EXERCISE INSTRUCTIONS:
Each line of the records below that holds "Carved" should be copied out.

DATASET RECORDS:
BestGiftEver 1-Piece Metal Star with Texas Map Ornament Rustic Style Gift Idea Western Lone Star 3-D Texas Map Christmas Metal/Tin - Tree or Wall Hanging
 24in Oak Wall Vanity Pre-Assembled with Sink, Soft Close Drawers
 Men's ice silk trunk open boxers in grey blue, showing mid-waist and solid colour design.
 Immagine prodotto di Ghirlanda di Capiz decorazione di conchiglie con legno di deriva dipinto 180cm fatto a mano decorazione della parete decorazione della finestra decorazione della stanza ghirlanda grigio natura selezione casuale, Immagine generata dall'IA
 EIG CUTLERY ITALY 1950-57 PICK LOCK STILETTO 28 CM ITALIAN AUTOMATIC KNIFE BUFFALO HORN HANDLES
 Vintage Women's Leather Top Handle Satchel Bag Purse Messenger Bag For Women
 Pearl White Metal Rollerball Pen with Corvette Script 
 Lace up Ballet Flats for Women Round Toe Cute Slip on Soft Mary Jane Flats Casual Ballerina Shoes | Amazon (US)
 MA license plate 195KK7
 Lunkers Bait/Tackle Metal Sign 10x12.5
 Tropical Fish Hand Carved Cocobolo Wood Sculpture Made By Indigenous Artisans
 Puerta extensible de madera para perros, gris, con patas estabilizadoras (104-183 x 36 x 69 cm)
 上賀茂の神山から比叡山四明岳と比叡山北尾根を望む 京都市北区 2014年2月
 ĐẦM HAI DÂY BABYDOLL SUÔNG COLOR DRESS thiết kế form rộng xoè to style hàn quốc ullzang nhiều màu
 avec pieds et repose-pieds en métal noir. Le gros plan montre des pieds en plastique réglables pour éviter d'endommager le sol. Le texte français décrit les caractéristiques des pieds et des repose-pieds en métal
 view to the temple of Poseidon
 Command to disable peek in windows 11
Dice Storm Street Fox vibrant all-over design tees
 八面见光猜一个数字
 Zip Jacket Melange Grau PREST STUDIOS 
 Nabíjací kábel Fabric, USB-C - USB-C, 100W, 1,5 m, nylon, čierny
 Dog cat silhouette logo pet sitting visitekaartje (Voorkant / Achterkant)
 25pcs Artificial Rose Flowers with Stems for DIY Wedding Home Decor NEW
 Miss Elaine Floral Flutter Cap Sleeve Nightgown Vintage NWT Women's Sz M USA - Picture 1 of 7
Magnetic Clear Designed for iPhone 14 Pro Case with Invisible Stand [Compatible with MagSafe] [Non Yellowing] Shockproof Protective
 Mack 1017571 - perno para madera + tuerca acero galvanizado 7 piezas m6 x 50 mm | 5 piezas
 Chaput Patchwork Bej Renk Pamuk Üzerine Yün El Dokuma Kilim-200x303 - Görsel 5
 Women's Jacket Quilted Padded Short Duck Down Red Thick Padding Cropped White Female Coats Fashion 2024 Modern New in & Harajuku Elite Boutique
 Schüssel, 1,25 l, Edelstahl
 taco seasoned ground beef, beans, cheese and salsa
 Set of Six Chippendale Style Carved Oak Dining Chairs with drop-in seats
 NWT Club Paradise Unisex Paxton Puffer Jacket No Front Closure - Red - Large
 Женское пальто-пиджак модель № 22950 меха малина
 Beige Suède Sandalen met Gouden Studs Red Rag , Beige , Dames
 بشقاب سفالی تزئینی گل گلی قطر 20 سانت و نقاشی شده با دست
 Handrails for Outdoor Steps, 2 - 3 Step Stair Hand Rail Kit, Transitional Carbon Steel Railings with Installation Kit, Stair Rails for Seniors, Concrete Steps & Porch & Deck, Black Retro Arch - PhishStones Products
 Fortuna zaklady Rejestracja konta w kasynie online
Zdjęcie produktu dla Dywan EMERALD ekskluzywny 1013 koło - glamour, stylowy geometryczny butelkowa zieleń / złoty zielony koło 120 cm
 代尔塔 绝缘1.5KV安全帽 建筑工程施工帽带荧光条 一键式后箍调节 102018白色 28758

TASK RESPONSE:
 Tropical Fish Hand Carved Cocobolo Wood Sculpture Made By Indigenous Artisans
 Set of Six Chippendale Style Carved Oak Dining Chairs with drop-in seats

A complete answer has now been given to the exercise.